▶ _Data listing_:
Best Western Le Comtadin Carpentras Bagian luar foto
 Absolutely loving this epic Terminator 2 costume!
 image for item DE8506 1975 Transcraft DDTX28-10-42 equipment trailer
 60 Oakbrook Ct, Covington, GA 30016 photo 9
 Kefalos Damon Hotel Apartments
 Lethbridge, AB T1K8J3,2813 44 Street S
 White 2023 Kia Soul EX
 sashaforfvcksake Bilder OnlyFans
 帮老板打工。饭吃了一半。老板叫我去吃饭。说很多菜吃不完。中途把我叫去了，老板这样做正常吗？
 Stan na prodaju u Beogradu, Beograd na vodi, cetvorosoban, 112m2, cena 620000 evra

▶ _Exercise aim_:
Once the line with "Absolutely loving this" has been found in the records above, retype it and every line after it exactly, and include nothing else.

▶ _Task output_:
 Absolutely loving this epic Terminator 2 costume!
 image for item DE8506 1975 Transcraft DDTX28-10-42 equipment trailer
 60 Oakbrook Ct, Covington, GA 30016 photo 9
 Kefalos Damon Hotel Apartments
 Lethbridge, AB T1K8J3,2813 44 Street S
 White 2023 Kia Soul EX
 sashaforfvcksake Bilder OnlyFans
 帮老板打工。饭吃了一半。老板叫我去吃饭。说很多菜吃不完。中途把我叫去了，老板这样做正常吗？
 Stan na prodaju u Beogradu, Beograd na vodi, cetvorosoban, 112m2, cena 620000 evra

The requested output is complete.